## Exercise data:
_ _ _ _
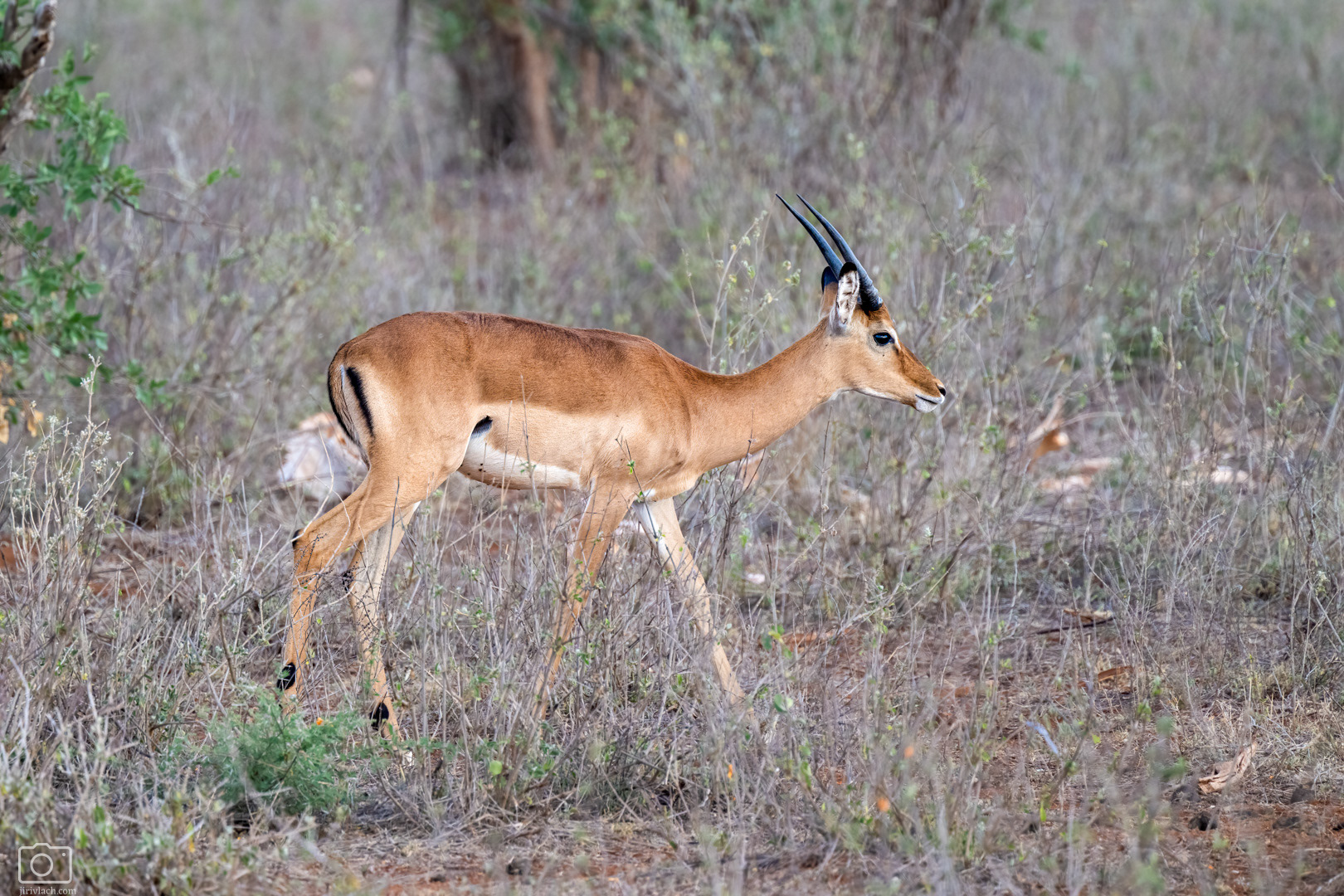 Impala jihoafrická, mladý samec (Aepyceros melampus melampus), Kenya, 12/2025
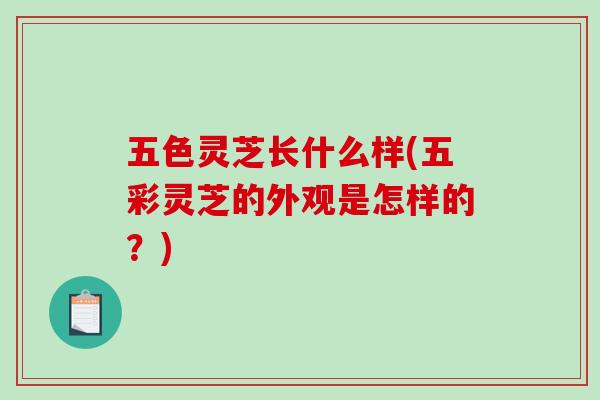 五色灵芝长什么样(五彩灵芝的外观是怎样的？)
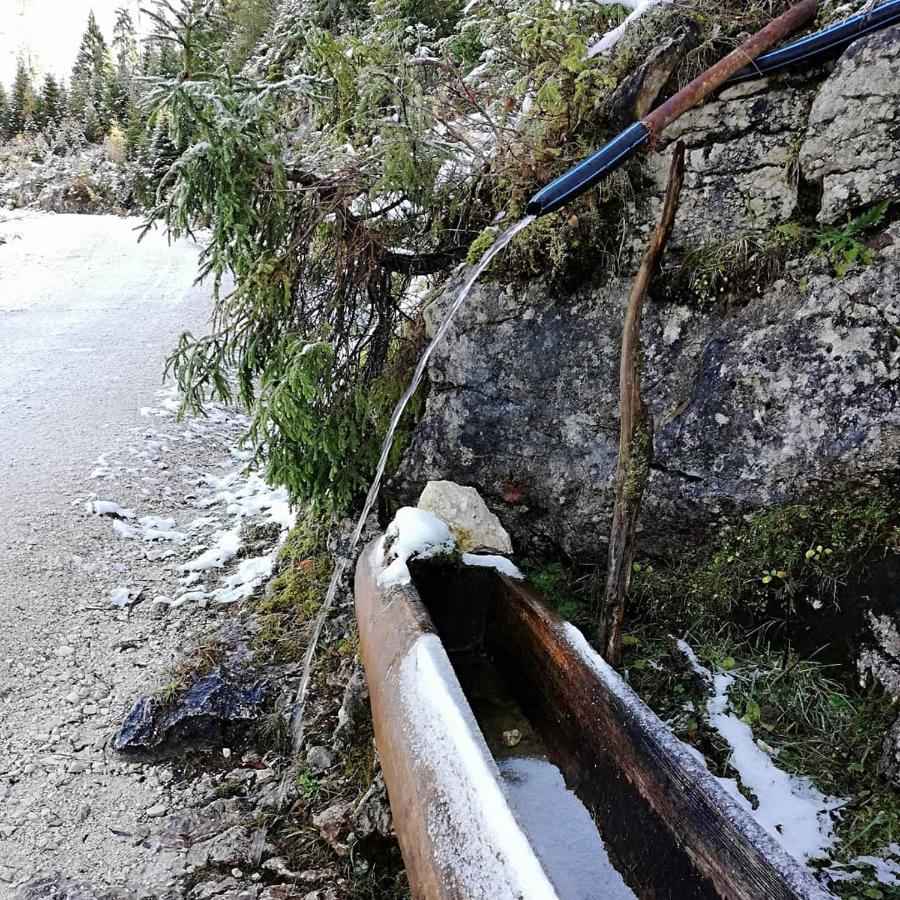 Ferienwohnung Schmaranzer Gosau Zewnętrze zdjęcie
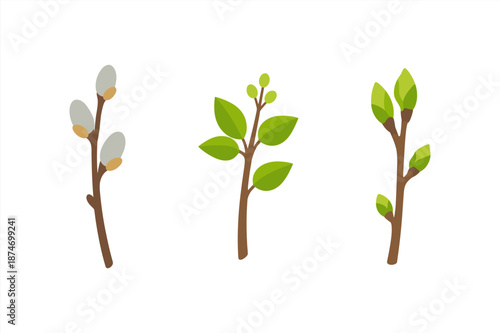 Illustration of three stages of plant growth with buds and leaves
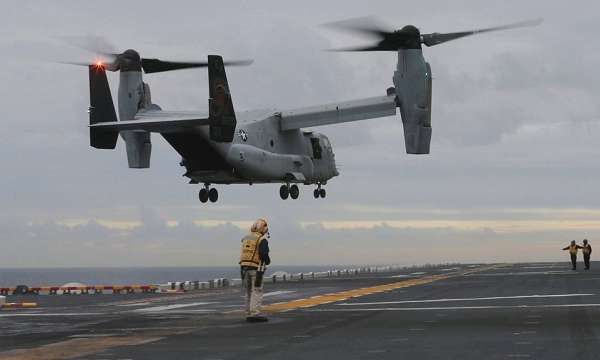 osprey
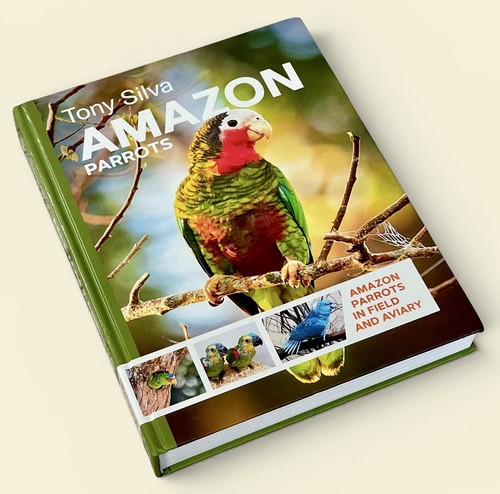 Amazon parrots field and - amazon,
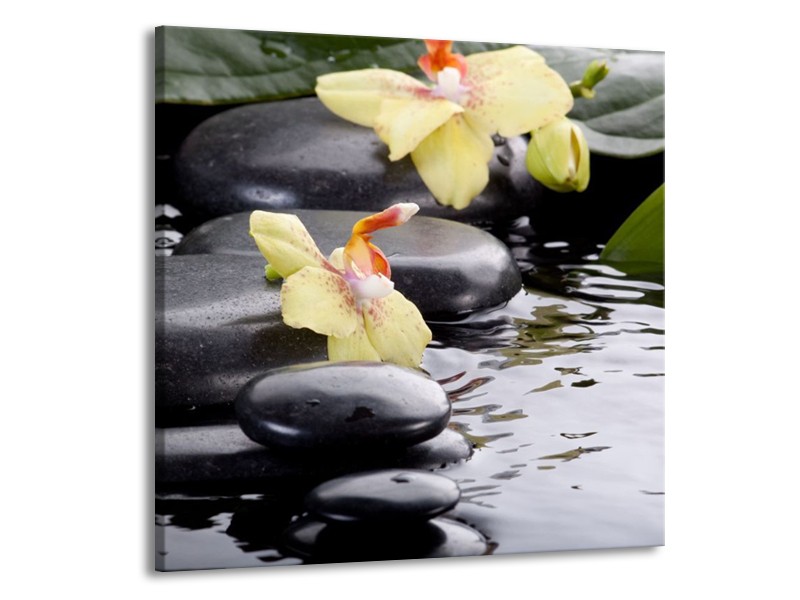 Canvas schilderij Orchidee | Geel, Zwart, Wit | 70x70cm 1Luik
_ _ _ _
## What is expected:
The response has to be an exact copy of all the data, pictures excluded.

## Response to this task:
 Impala jihoafrická, mladý samec (Aepyceros melampus melampus), Kenya, 12/2025
 五色灵芝长什么样(五彩灵芝的外观是怎样的？)
 Ferienwohnung Schmaranzer Gosau Zewnętrze zdjęcie
 Illustration of three stages of plant growth with buds and leaves
 osprey
 Amazon parrots field and - amazon,
 Canvas schilderij Orchidee | Geel, Zwart, Wit | 70x70cm 1Luik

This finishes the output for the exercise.